Drugs That Interfere with Hemostasis
Clinical Impact:
  • Emifenac and anticoagulants such as warfarin have a synergistic effect on bleeding. The concomitant use of Emifenac and anticoagulants have an increased risk of serious bleeding compared to the use of either drug alone.
  • Serotonin release by platelets plays an important role in hemostasis. Case-control and cohort epidemiological studies showed that concomitant use of drugs that interfere with serotonin reuptake and an NSAID may potentiate the risk of bleeding more than an NSAID alone.
Intervention: Monitor patients with concomitant use of Emifenac with anticoagulants (e.g., warfarin), antiplatelet agents (e.g., aspirin), selective serotonin reuptake inhibitors (SSRIs), and serotonin norepinephrine reuptake inhibitors (SNRIs) for signs of bleeding.
Aspirin
Clinical Impact: Controlled clinical studies showed that the concomitant use of NSAIDs and analgesic doses of aspirin does not produce any greater therapeutic effect than the use of NSAIDs alone. In a clinical study, the concomitant use of an NSAID and aspirin was associated with a significantly increased incidence of GI adverse reactions as compared to use of the NSAID alone.
Intervention: Concomitant use of Emifenac and analgesic doses of aspirin is not generally recommended because of the increased risk of bleeding. Emifenac is not a substitute for low dose aspirin for cardiovascular protection.
ACE Inhibitors, Angiotensin Receptor Blockers, and Beta-Blockers
Clinical Impact:
  • NSAIDs may diminish the antihypertensive effect of angiotensin converting enzyme (ACE) inhibitors, angiotensin receptor blockers (ARBs), or beta-blockers (including propranolol).

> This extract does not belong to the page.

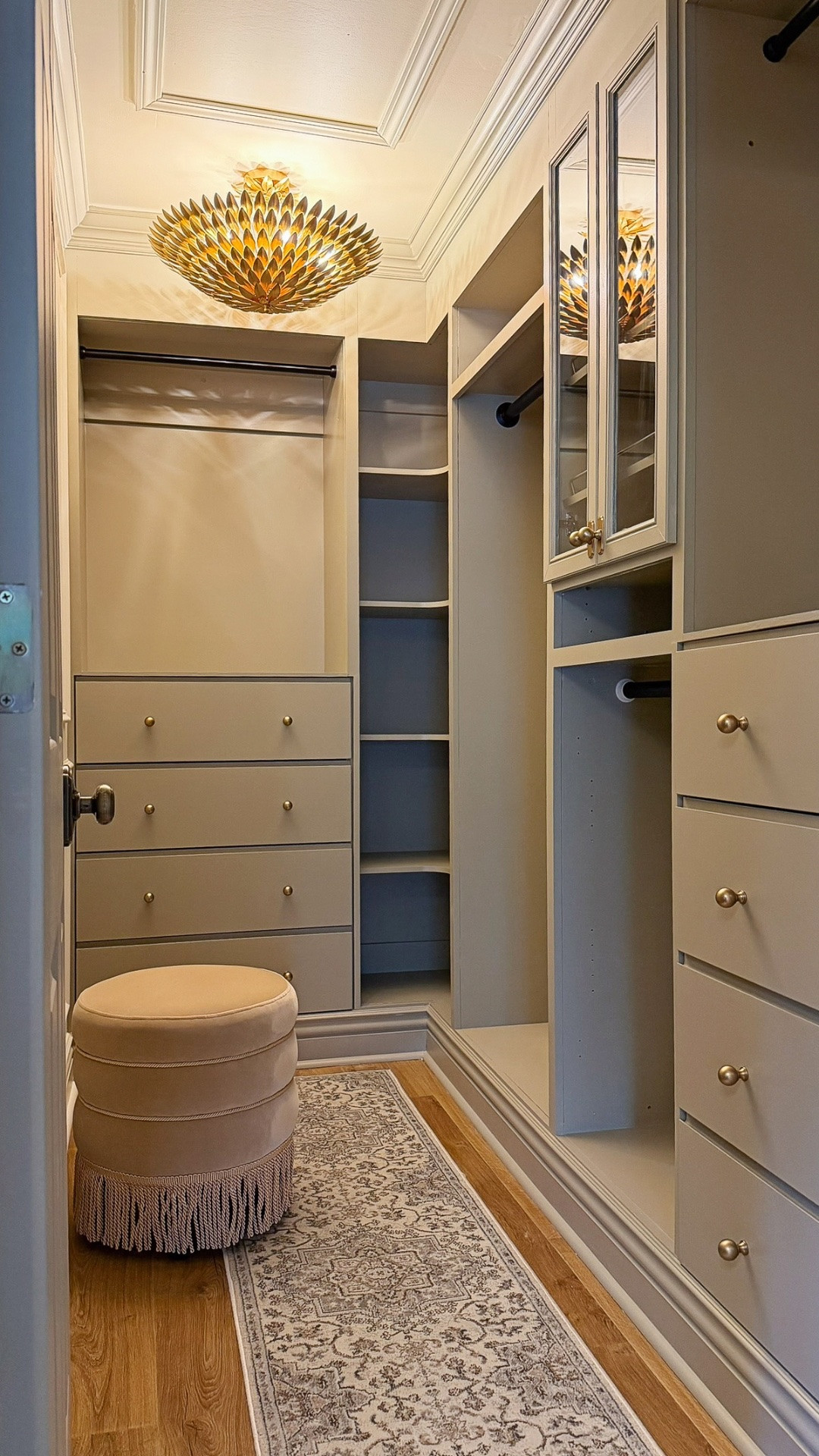 From Lowe's stock closet systems to closet built ins for way less than custom cabinetry!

  • In patients who are elderly, volume-depleted (including those on diuretic therapy), or have renal impairment, co-administration of an NSAID with ACE inhibitors or ARBs may result in deterioration of renal function, including possible acute renal failure. These effects are usually reversible.
Intervention:
  • During concomitant use of Emifenac and ACE-inhibitors, ARBs, or beta-blockers, monitor blood pressure to ensure that the desired blood pressure is obtained.

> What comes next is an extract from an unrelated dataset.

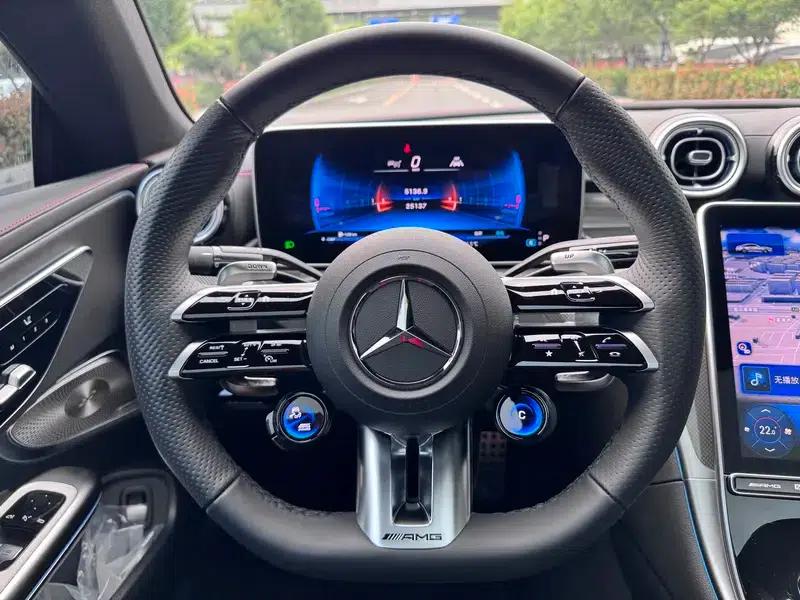 2024 Mercedes-Benz CLE-Class AMG 53 4MATIC+ Coupe — миниатюра 16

  • During concomitant use of Emifenac and ACE-inhibitors or ARBs in patients who are elderly, volume-depleted, or have impaired renal function, monitor for signs of worsening renal function.
  • When these drugs are administered concomitantly, patients should be adequately hydrated. Assess renal function at the beginning of the concomitant treatment and periodically thereafter.
Diuretics
Clinical Impact: Clinical studies, as well as post-marketing observations, showed that NSAIDs reduced the natriuretic effect of loop diuretics (e.g., furosemide) and thiazide diuretics in some patients. This effect has been attributed to the NSAID inhibition of renal prostaglandin synthesis.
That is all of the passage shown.